Jeżeli chodzi o układanie to ja rozłożyłem rusztowanie warszawskie i układałem na nim. Całkiem spora pojemność wychodzi.

----------


## m-333

Przyszła pora na odświeżenie wątku  :smile: . Dalej Sadolin, dalej sztachetki i dochodzi jeszcze nasza drewniana, obita szalówką chatka. Pod koniec kwietnia będę w kraju i praktycznie tydzień czasu mam na zrobienie jak najwięcej.. ;/ W grudniu malowałam w cieplym pomieszczeniu sztachetki sadolinem entra lakierobejcą,wychodziło bardzo ładnie. Tylko czasochłonne okropnie.
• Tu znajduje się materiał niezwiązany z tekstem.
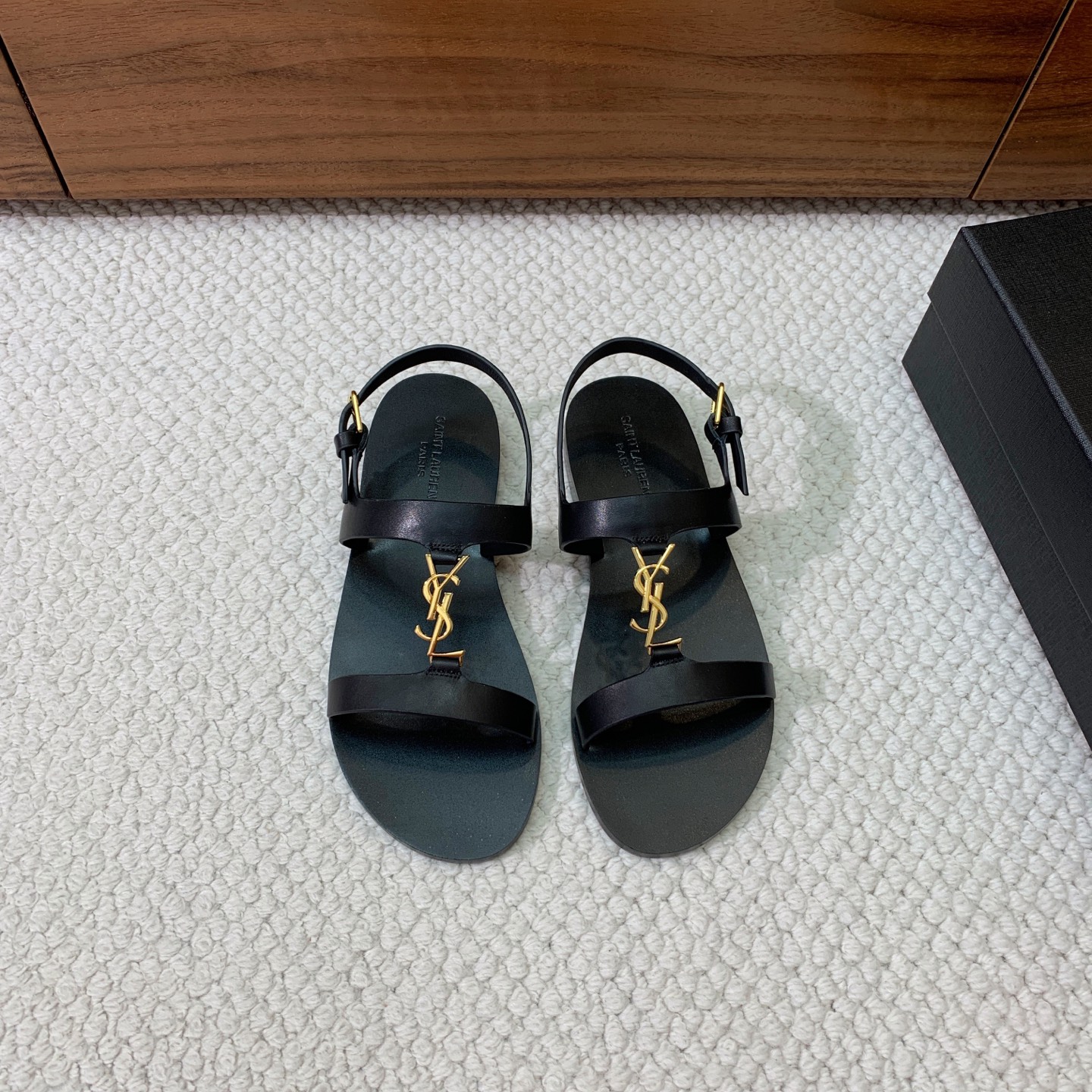 NO:440897,SAINT LAUREN* flat sandals. The entire version includes metal products and other details, which are unique and eye-catching. The upper is patent leather cowhide and genuine leather outsole. Size 36-42 (41 and 42 customized without return and exchange) batch, slippers sandals, saint laurent, sandals, slippers, cowhide, Leather soles19860909SAINT LAUREN*平底凉鞋.整个版型包括金属制品等细节别具一格让人眼前一亮,鞋面漆皮牛皮.真皮大底. 码数36-42（41、42定制不退换） 批,拖鞋凉鞋,saint laurent,sandals,slippers,cowhide,Leather soles,Women's Shoes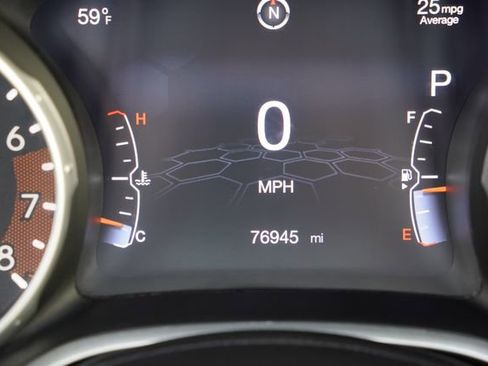 Certified 2019 Jeep Compass Limited image 34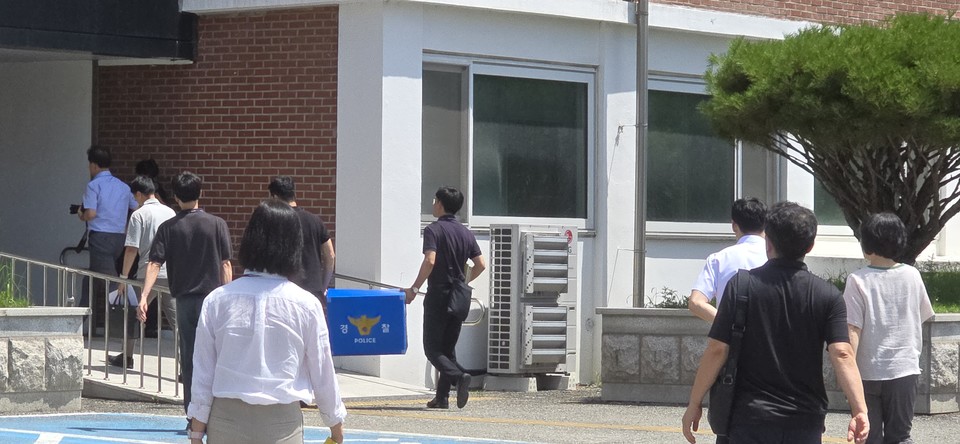 23일 오전 10시부터 충북지방경찰청 반부패수사대가 김용수 전 충북도립대 총장 자택과 총장실 등에 관해 압수수색을 시작했다. (사진=김남균 기자)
Teraz dom aż piszczy o malowanie,bo już 3 lata stoi w pełnym słońcu (jeszcze nie zamieszkany). Szalówka pzred założeniem,była obustronnie malowana impregnatem. Teraz przyszedł czas na drugą warstwę i wcale nie chcemy już drewnochronu. Gdzieś wyczytalam,że wiele osób daje drewnochron pierwszy raz a potem jakiś odpowiedni Sadolin. Tylko ten,którym malowałam sztachety był gęsty bardzo i nie wiem , czy malowanie natryskowe domu takim specyfikiem wchodziłoby  w ogóle w grę.. czas mnie będzie gonić,a popsuć coś zawsze łatwo..
Dlatego pytanie do doświadczonych : czym malować takim Sadolinem(pomińmy opcję pędzla na razie..), a jeśli nie to czy polecacie mi może jakiś środek,który spełni rolę Sadolinu?

----------


## ANNNJA

jeśli masz dużo czasu to idź do wątku domy drewniane-tam było dużo na temat malowań drewna..., 
a jak wyglądają sztachetki po 2-3latach po pomalowaniu lakierem? nie łuszczą się? bo lakier wg. mnie nie sprawdza się na płotach ani na elewacji-
w takich miejscach ja używałam wyłącznie impregnatu (może być z bazą podkładową na bazie oleju)
po swoich doświadczeniach ustawiałabym tak:
śnieżka
drewnochron
Sadolin- zdecydowanie lepszy, ale i dużo gęstszy niż drewnochron-nie wiem czy pójdzie Ci przez opryskiwacze??
Tikurilla -i tutaj mamy właśnie bazę podkładową- Base-chyba nawet się nazywa, impregnaty Tikurilly są bardzo rzadkie= jak malowałam to się zastanawiałam na ile to będzie skuteczne bo takie rzadkie, ale jak się okazało jest najlepsze, ale do płotu to zdecydowanie wystarczający będzie Sadolin, też nieżle się trzyma, 
żeby było całkiem super to niektórzy szlifują sztachety przed pomalowaniem, wtedy i lepiej ci się nakłada ale i lepszy efekt i tak potem deszcz nie wymywa impregnatu i zimą nie obsiada tyle mrozu na tych sztachetkach.. - to takie moje obserwacje.

inni testowali też 3V3= ale ja tego nie znam..

----------